[AVAILABLE DATA — start]

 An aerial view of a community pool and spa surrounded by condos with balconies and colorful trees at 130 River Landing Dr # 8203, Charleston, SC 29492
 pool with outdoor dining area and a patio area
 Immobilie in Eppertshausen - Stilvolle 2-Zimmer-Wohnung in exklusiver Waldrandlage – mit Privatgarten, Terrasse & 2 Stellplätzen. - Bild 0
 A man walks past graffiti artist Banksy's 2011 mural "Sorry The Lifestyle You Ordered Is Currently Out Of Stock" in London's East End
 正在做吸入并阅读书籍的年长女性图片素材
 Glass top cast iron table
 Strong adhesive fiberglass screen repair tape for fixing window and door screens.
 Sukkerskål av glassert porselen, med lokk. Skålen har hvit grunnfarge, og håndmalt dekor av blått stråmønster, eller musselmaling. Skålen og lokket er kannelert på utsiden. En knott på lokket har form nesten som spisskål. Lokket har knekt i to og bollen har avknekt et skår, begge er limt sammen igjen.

[AVAILABLE DATA — finish]

YOUR OBJECTIVE:
Nothing may be dropped or altered. Copy every line above.

EXERCISE RESULT:
 An aerial view of a community pool and spa surrounded by condos with balconies and colorful trees at 130 River Landing Dr # 8203, Charleston, SC 29492
 pool with outdoor dining area and a patio area
 Immobilie in Eppertshausen - Stilvolle 2-Zimmer-Wohnung in exklusiver Waldrandlage – mit Privatgarten, Terrasse & 2 Stellplätzen. - Bild 0
 A man walks past graffiti artist Banksy's 2011 mural "Sorry The Lifestyle You Ordered Is Currently Out Of Stock" in London's East End
 正在做吸入并阅读书籍的年长女性图片素材
 Glass top cast iron table
 Strong adhesive fiberglass screen repair tape for fixing window and door screens.
 Sukkerskål av glassert porselen, med lokk. Skålen har hvit grunnfarge, og håndmalt dekor av blått stråmønster, eller musselmaling. Skålen og lokket er kannelert på utsiden. En knott på lokket har form nesten som spisskål. Lokket har knekt i to og bollen har avknekt et skår, begge er limt sammen igjen.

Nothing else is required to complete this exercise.